Arriving a little late to the party, America’s House Of Representatives has sent a letter to Universal Music and its two major label competitors asking questions in relation to the mega-major’s bid to buy the EMI record company.
According to the New York Times, the letter, from the House Judiciary Subcommittee On Intellectual Property, Competition And The Internet, asks “pointed questions about how the merger would affect competition in the music industry”, including whether the music sector “has unique characteristics that may increase or reduce concerns”.

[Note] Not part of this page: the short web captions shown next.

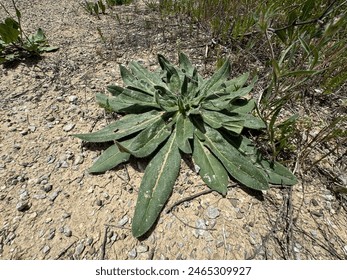 Echium vulgare(Viper weed)は、侵襲性の高い植物で、何千年もの間薬用として使用されてきました。対称的な葉を持つ植物。の写真素材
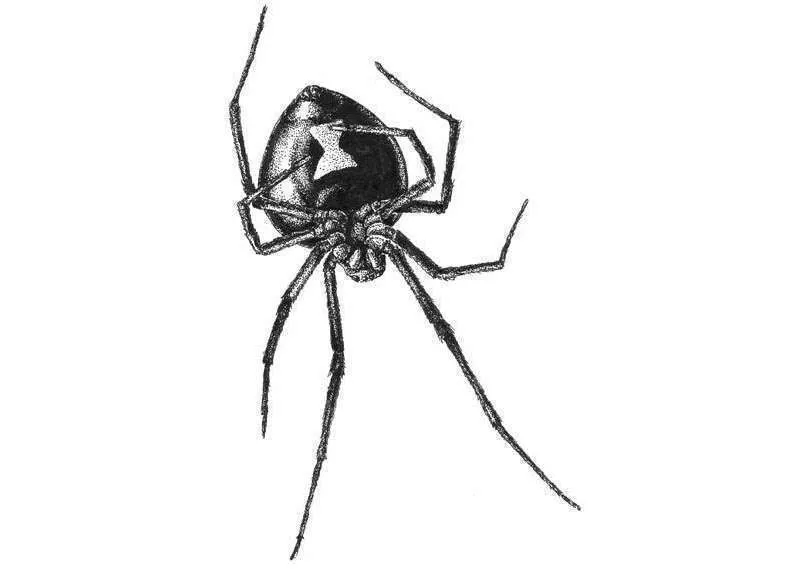 Black Widow Spider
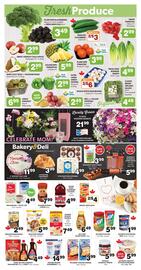 Colemans flyer Page 3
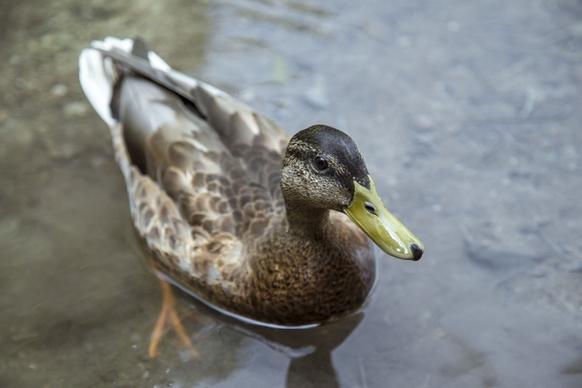 animal beak bird daytime drake duck duckling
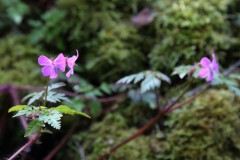 2017-05-02 L69A8453 Herb Robert near Walm's Well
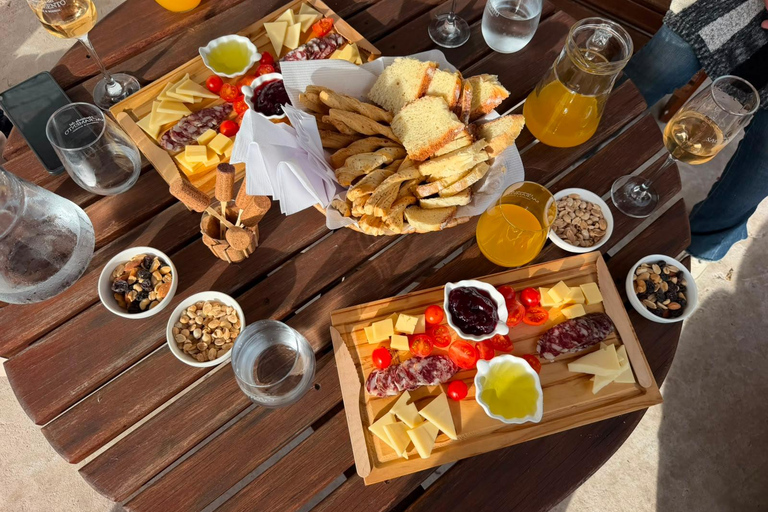 Colonia del Sacramento: Vineyard Tour & Special Wine Tasting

Universal’s EMI bid is being assessed by the Federal Trade Commission in the US, of course, though this isn’t the first time politicians have also shown an interest. As previously reported, in June congressmen in the Senate threw a spotlight onto the proposed acquisition with a very public hearing involving leading music industry execs both in favour of and against the deal. The Senate’s anti-trust subcommittee then sent a letter to the FTC outlining the issues as it saw them.
Congressional committees have no real power to block the big EMI deal, though in theory their opinions could influence the FTC. Perhaps more importantly, interest in the deal on Capitol Hill means even more public scrutiny for Universal’s expansion ambitions.
Nevertheless, the major welcomed the Representatives’ letter yesterday, saying: “We welcome the opportunity to answer any questions that the subcommittee may have. The global music market has been in decline for over a decade and it needs well invested music companies to continue to create and nurture artistic talent alongside a strong and growing independent sector if it is to thrive”.